▸ What the exercise asks: Word for word, restate the lines of the data below between those holding "Model wearing Black" and "an empty frame", inclusive; pictures do not belong in the copy.

▸ Records to process:
____

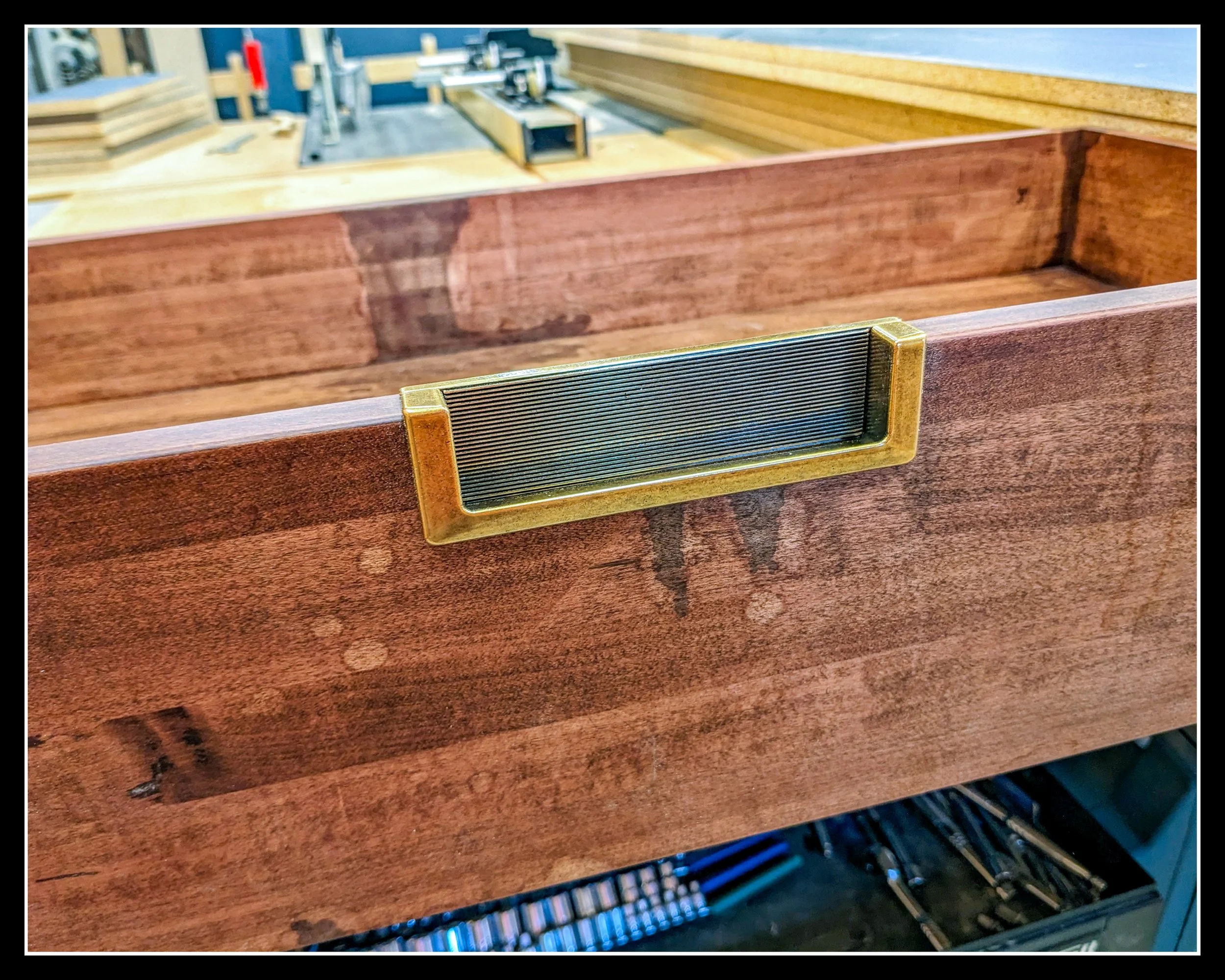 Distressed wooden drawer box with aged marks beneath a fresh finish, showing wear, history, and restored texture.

____

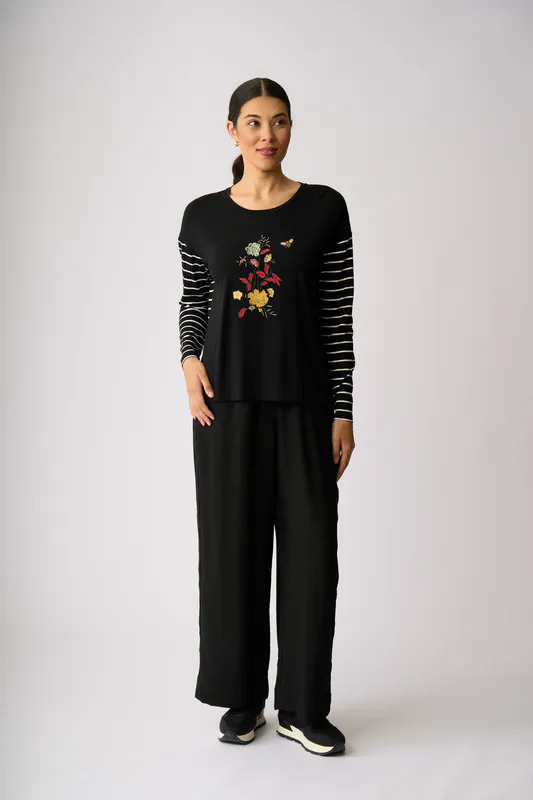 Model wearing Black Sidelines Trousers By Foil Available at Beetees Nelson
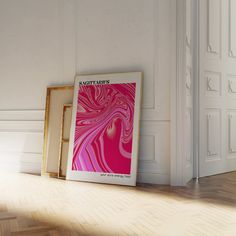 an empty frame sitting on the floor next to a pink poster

____

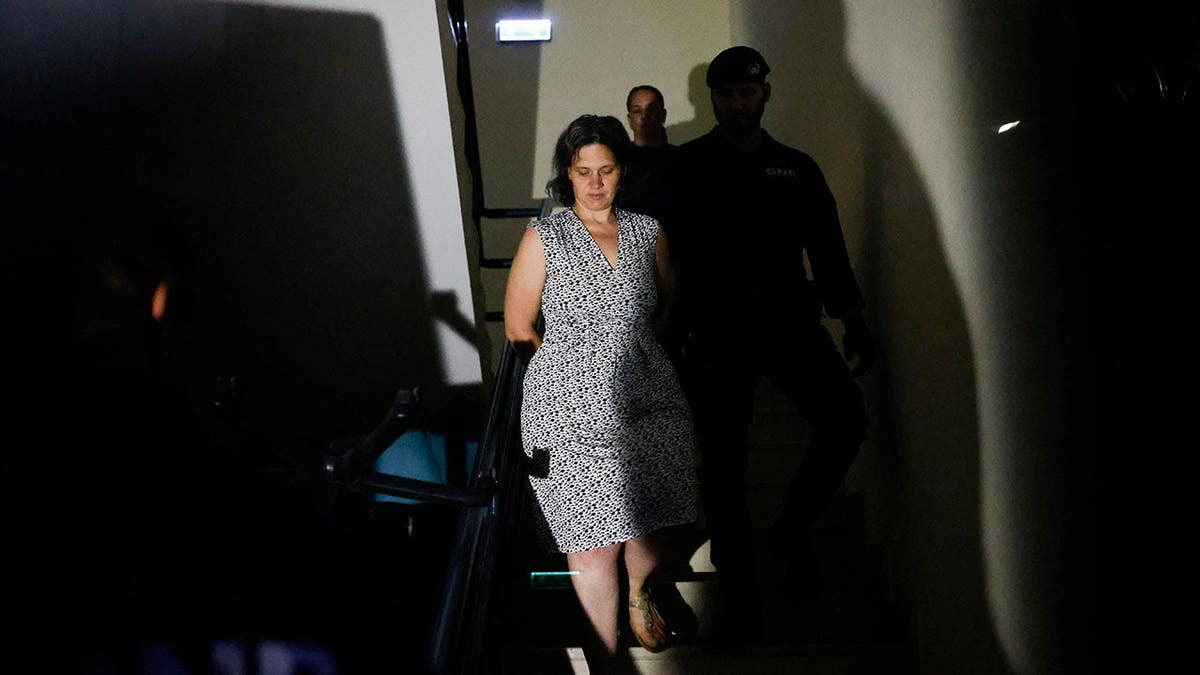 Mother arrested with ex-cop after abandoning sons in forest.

____

▸ Written solution:
 Model wearing Black Sidelines Trousers By Foil Available at Beetees Nelson
 an empty frame sitting on the floor next to a pink poster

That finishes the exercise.